Node Troubleshooting

This page lists common troubleshooting scenarios and solutions for node operators.

401 Unauthorized: Signature Invalid

If you see a log that looks like this in devium--batcher:

WARN [12-13|15:53:20.263] Derivation process temporary error       attempts=80 err="stage 0 failed resetting: temp: failed to find the L2 Heads to start from: failed to fetch current L2 forkchoice state: failed to find the finalized L2 block: failed to determine L2BlockRef of finalized, could not get payload: 401 Unauthorized: signature is invalid

It means that the devium--batcher is unable to authenticate with devium-geth's authenticated RPC using the JWT secret.

Solution

Check that the JWT secret is correct in both services.
Check that devium-geth's authenticated RPC is enabled, and that the URL is correct.

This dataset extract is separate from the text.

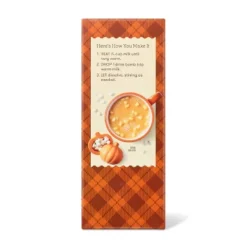 Fall Harvest Pumpkin Shaped White Chocolate Hot Drink Bomb - 2.75oz/3ct - Favorite Day™ 5 Fall Harvest Pumpkin Shaped White Chocolate Hot Drink Bomb - 2.75oz/3ct - Favorite Day™ -Favorite Day GUEST db5ddbd5 e21c 4eab 8865 dde1f67a3e23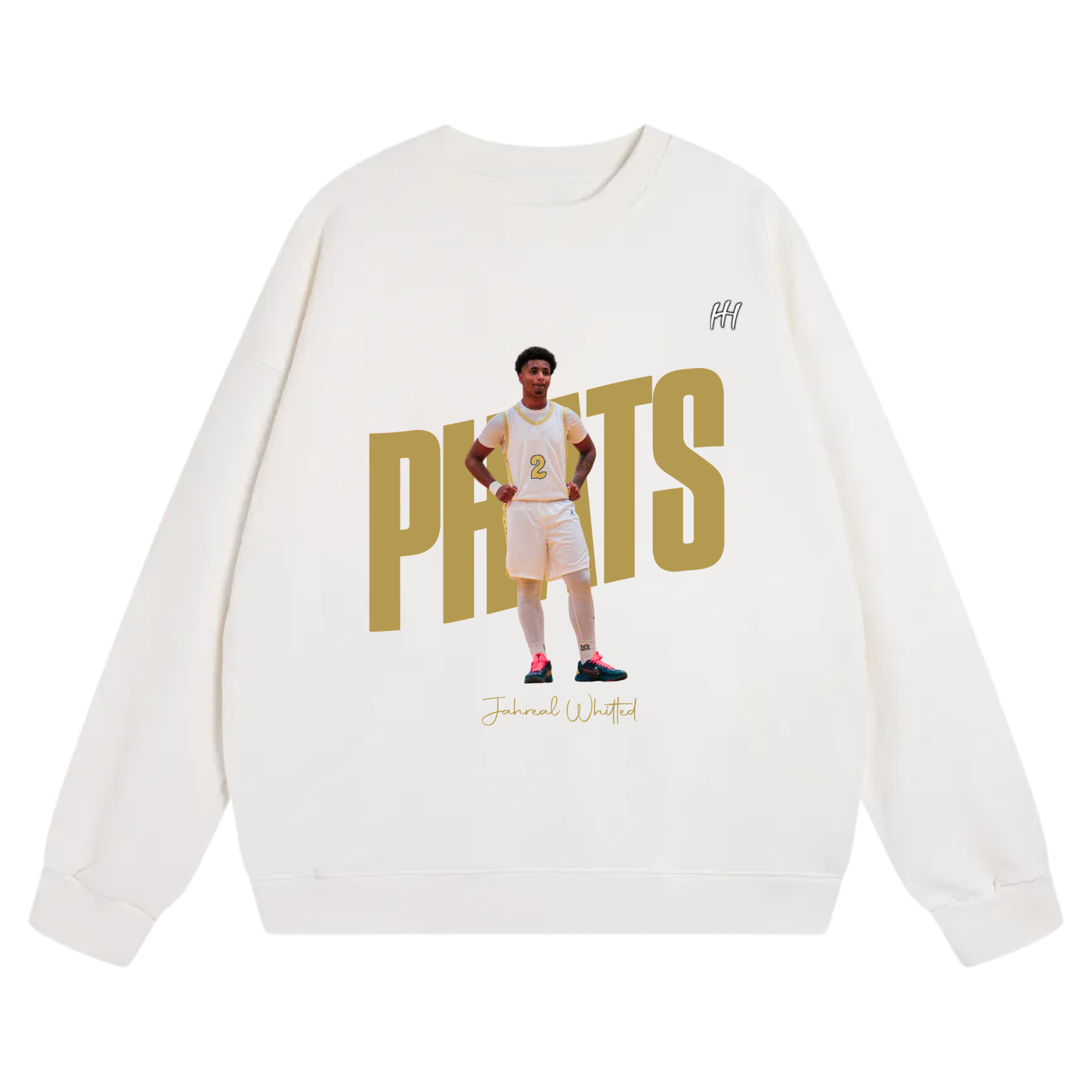 Jahreal Whitted Heavyweight Crewneck Sweatshirt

403 Forbidden: Invalid Host Specified

If you see a log that looks like this in devium--batcher:

{"err":"403 Forbidden: invalid host specified\n","lvl":"error","msg":"error getting latest header","t":"2022-12-13T22:29:18.932833159Z"}

It means that you have not whitelisted devium--batcher's host with devium-geth.

Solution

Make sure that the --authrpc.vhosts parameter in devium-geth is either set to the correct host, or *.
Check that devium-geth's authenticated RPC is enabled, and that the URL is correct.

Failed to Load P2P Config

If you see a log that looks like this in devium--batcher:

CRIT [12-13|13:46:21.386] Application failed                       message="failed to load p2p config: failed to load p2p discovery options: failed to open discovery db: mkdir /p2p: permission denied"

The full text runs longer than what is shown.